Drive is engaged using a selector wand on the steering column. The gearbox is an old-fashioned three-speed affair (four-speed transmissions were introduced to the Bentley range in 1990), but it seemingly does little to blunt performance.

Get the Turbo R out onto open roads and it still has the acceleration to surprise sports cars more than 30 years its junior. It also has a remarkable ability to gather speed with its occupants barely noticing. Unlike modern performance saloons, which feature dampers that can be switched between ‘uncomfortable’ and ‘bone-shaking’ – not to mention sports exhaust systems as standard – the Turbo R wafts wonderfully towards slightly illegal speeds with the minimum of fuss. It’s splendid.
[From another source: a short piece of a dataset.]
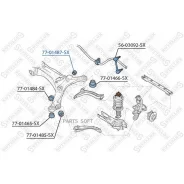 ����������� ���. ������ Volvo | ����/��� | Stellox 7701487SX 7701487SX ����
Your enthusiasm might be blunted slightly as you try to thread the 2.4-tonne Bentley along narrower roads, but put your confidence in the car and it will – cliché clang – shrink around you. It really does drive like a much smaller car when you gain the confidence to make progress.

Reliability and running costs

Bentley Turbo R RRT

This is the catch. The Bentley Turbo R isn’t exactly unreliable, but it’s of an age where niggles will appear – and they won’t be cheap to fix. The tyres, for example, cost upwards of £300 per corner, and you should budget £5,000 for a head gasket replacement (a worryingly common issue).
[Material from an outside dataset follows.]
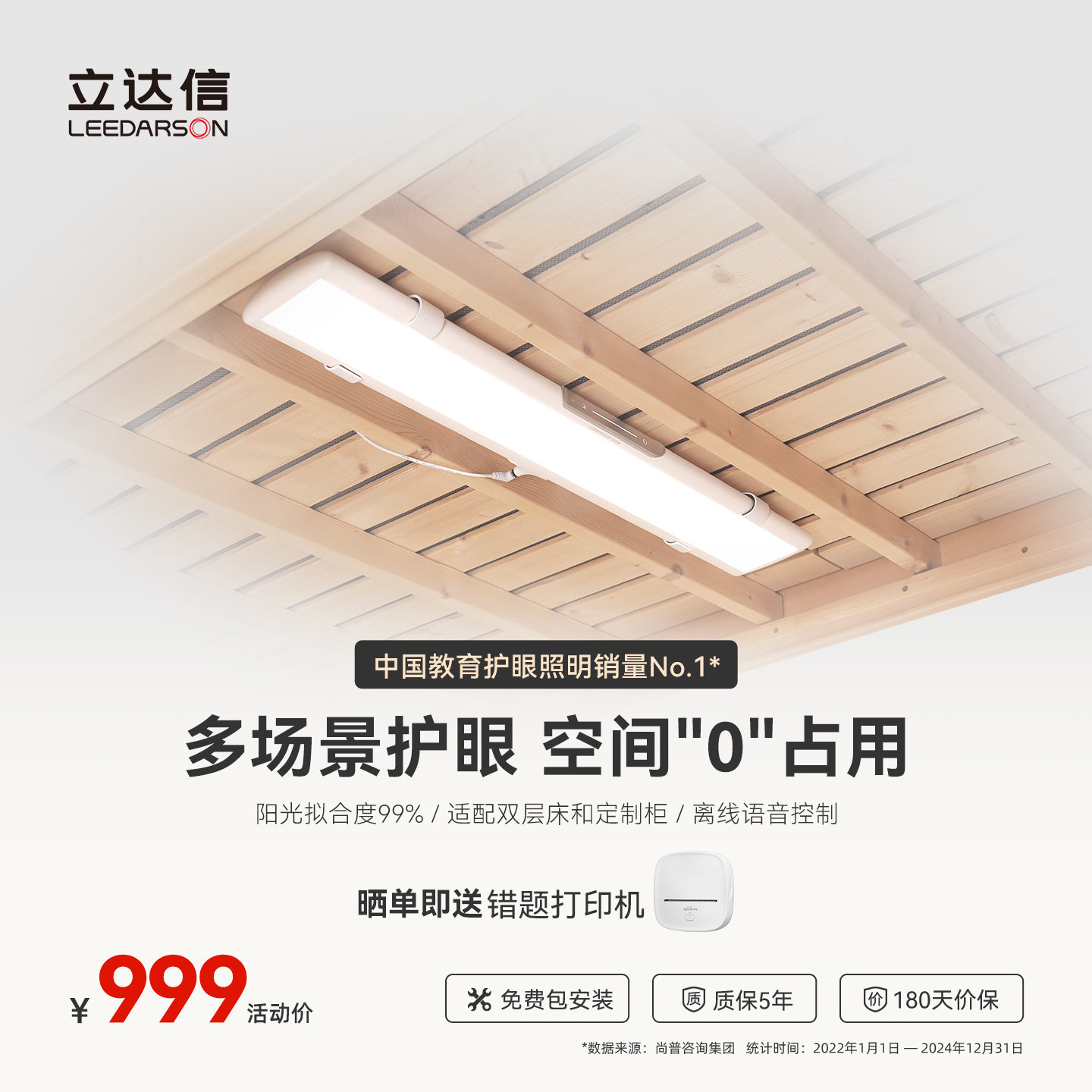 立达信LEEDARSON护眼年糕灯桌夹灯离线语音壁挂吊柜宿舍双层床K6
Find a specialist insurance company and a Turbo R shouldn’t cost a fortune on a limited-mileage policy, while there is a big enthusiast network to keep it running. Fuel economy? Expect mid-teens, possibly 20mpg at a push.

It’s not the car to buy if you want to avoid petrol stations – although the owner of this example says he manages around 340 miles between fill-ups.

Could I drive it every day?

Bentley Turbo R RRT

A Bentley Turbo R would be a lovely thing to drive every day. Even the fanciest massaging seats of today’s super saloons can’t compete with the huge, cosseting leather chairs of the Turbo R for pure stress relief after a tough day in the office. That V8 engine will never get boring, either.

There’s a line of thought that suggests a Turbo R much prefers regular use to being left standing, but you’ll need deep pockets to run one as a daily-driver.

How much should I pay?

Bentley Turbo R RRT

Something we often say in the Retro Road Test is ‘buy the best you can afford’. That’s very true for the Bentley Turbo R. Although ropey early examples can be picked up for a few thousand pounds, they have the potential to be a massive pain in the wallet.

Ideally, we’d look to spend at least £15,000 at a specialist dealer. Many are for sale in central London and, while these aren’t necessarily to be avoided, beware that a stop-start life on the capital’s streets could result in more wear and tear than an example covering twice that mileage further afield.

What should I look out for?

Bentley Turbo R RRT

The Bentley Turbo R is a pretty tough car, but even the smallest of faults could result in a big bill, so negotiate hard if you find any issues. Full service history is a must, preferably at a specialist, and the post-1986 fuel-injected models are generally seen as more reliable.

Corrosion can be an issue, and check under the bonnet for any signs of oil leaks. On the test-drive, make sure the turbocharger pulls well, and test all the electrics. The cooling system has the potential to be problematic, so check the coolant level and watch the temperature gauge.

Should I buy one?

Bentley Turbo R RRT

A cheap ‘Blower’ Bentley is a really tempting proposition, but this isn’t a car to run on a budget. Buy a good one, keep on top of the maintenance and it has potential to be an investment.

Starting at less than £10,000, we think prices can only go one way. It won’t be long before even the ropiest cars command close to £20,000.

Pub fact

Bentley Turbo R RRT

Nicknamed ‘Crewe’s missile’, the Turbo R was built at the Bentley factory in Crewe, Cheshire. The plant is still going strong today, having built a record 15,174 cars in 2022.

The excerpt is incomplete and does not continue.